● **YOUR GOAL**
All of the listing, from first line to last, should be output exactly; the pictures stay out.

● **DATA SHOWN**
[Start of Attachment]
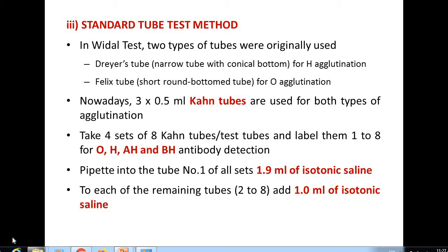Hello, continuing with the Widal test. I have already discussed the ways to prepare antigen suspension. Now coming to the next method: the standard tube test method.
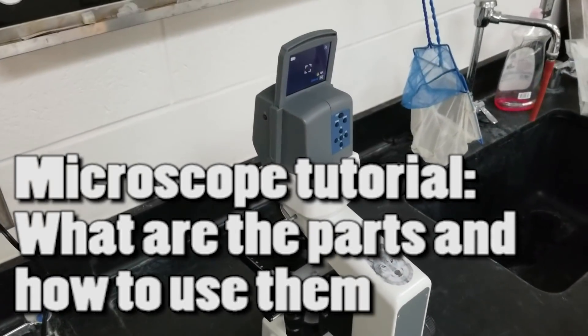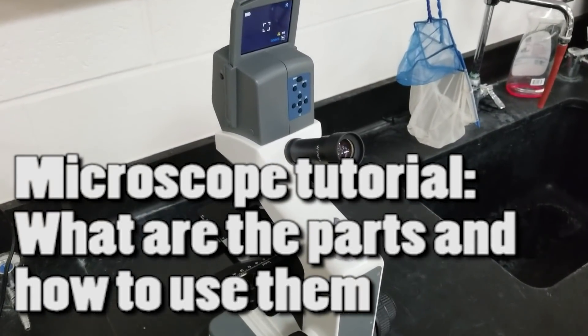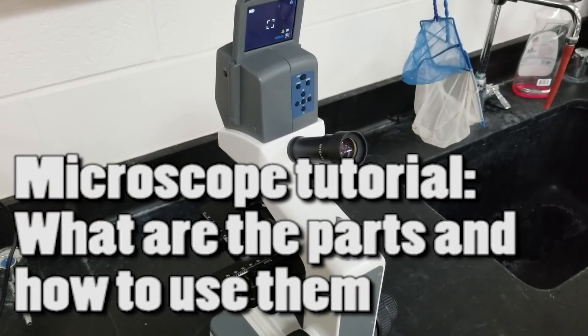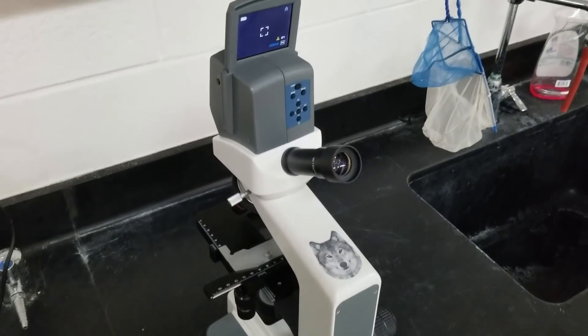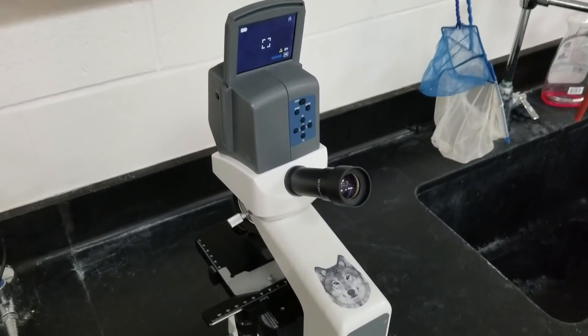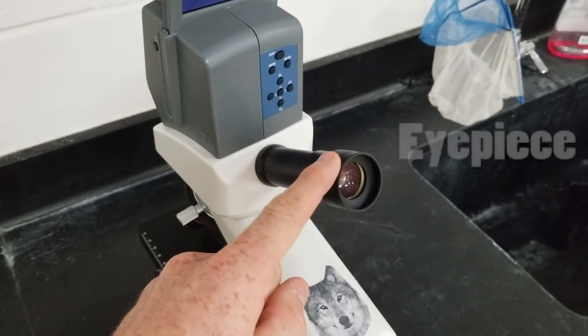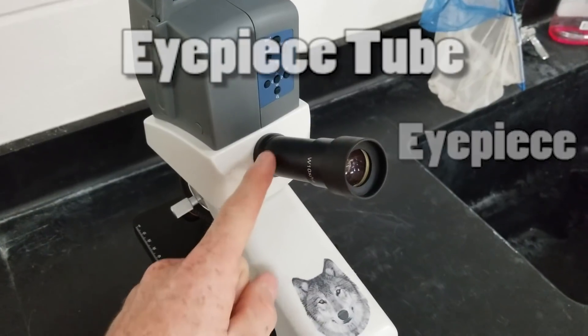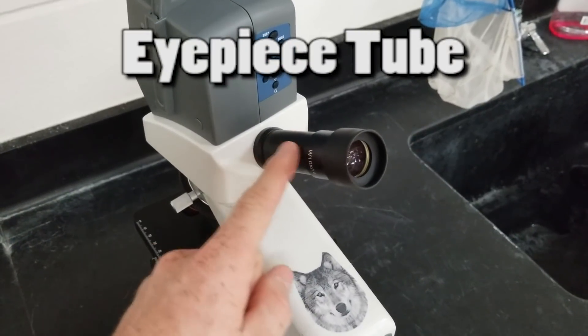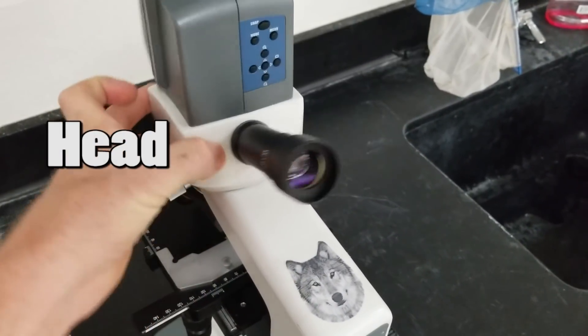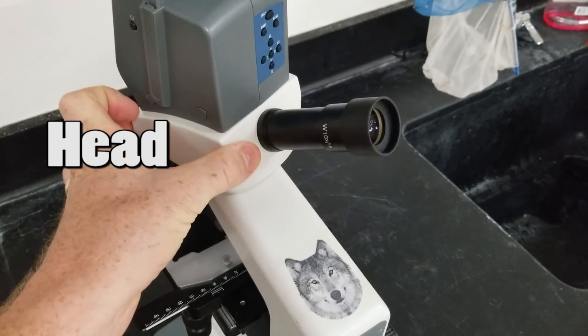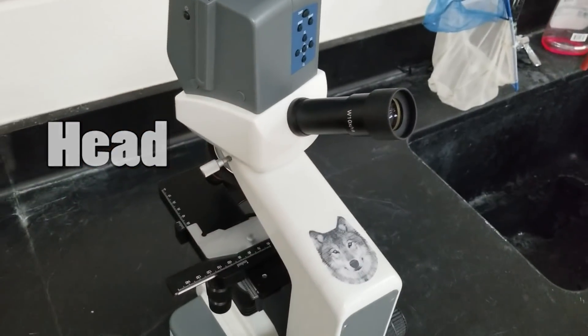Here is a quick rundown of the microscope parts and how to use the microscope. We'll start at the top. This is the eyepiece. The eyepiece has an eyepiece tube that connects down to the head. This is where you look in to see whatever is on your slide.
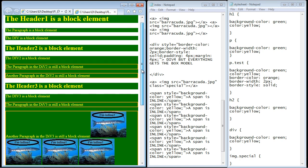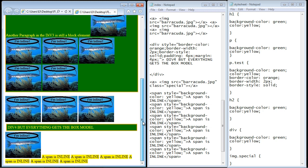So you have a good initial understanding of the difference between a block and an inline element. However, there are some subtle nuances to this concept and we'll get to those in the next video when we continue with block and inline elements.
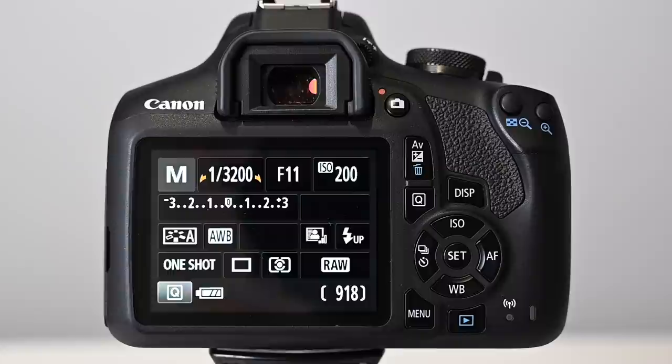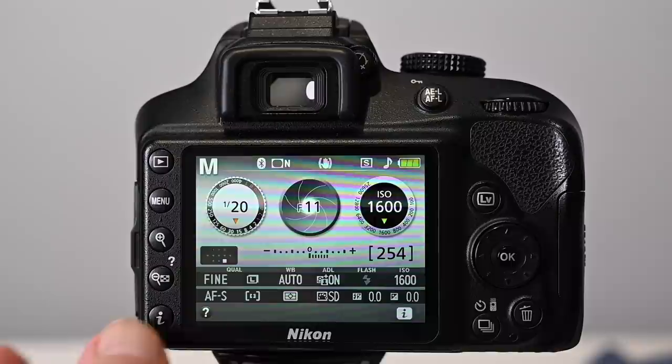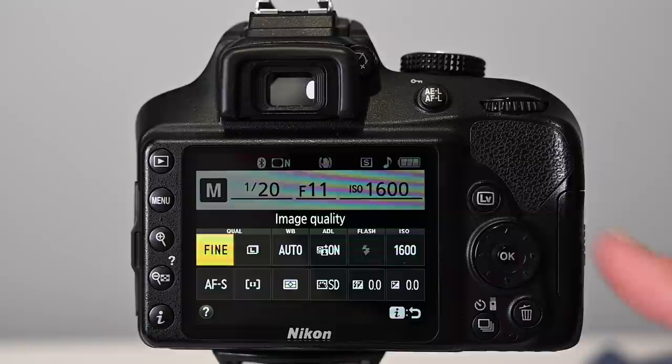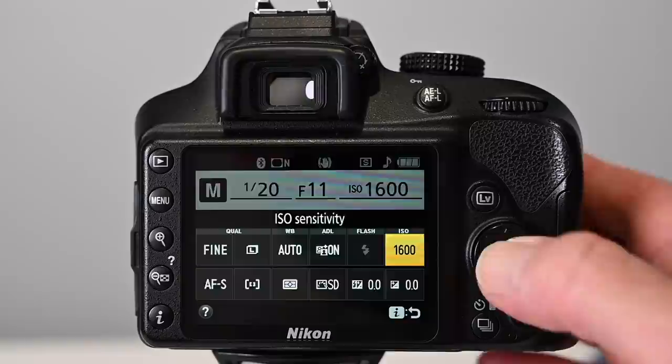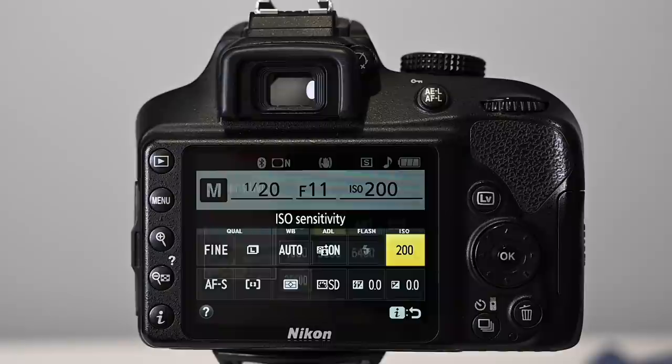Rule of thumb: where possible, keep the ISO low. To change the ISO on a Nikon camera, look for the 'i' button — it's usually on the back of the camera. When you press the 'i' button a series of options will be displayed on the screen and using the multi-selector simply select ISO, press OK, and choose from the options. Again, I'm going to go for ISO 200 and we're done.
[End of Attachment]
● **THE ANSWER**
Hello, continuing with the Widal test. I have already discussed the ways to prepare antigen suspension. Now coming to the next method: the standard tube test method.
Here is a quick rundown of the microscope parts and how to use the microscope. We'll start at the top. This is the eyepiece. The eyepiece has an eyepiece tube that connects down to the head. This is where you look in to see whatever is on your slide.
So you have a good initial understanding of the difference between a block and an inline element. However, there are some subtle nuances to this concept and we'll get to those in the next video when we continue with block and inline elements.
Rule of thumb: where possible, keep the ISO low. To change the ISO on a Nikon camera, look for the 'i' button — it's usually on the back of the camera. When you press the 'i' button a series of options will be displayed on the screen and using the multi-selector simply select ISO, press OK, and choose from the options. Again, I'm going to go for ISO 200 and we're done.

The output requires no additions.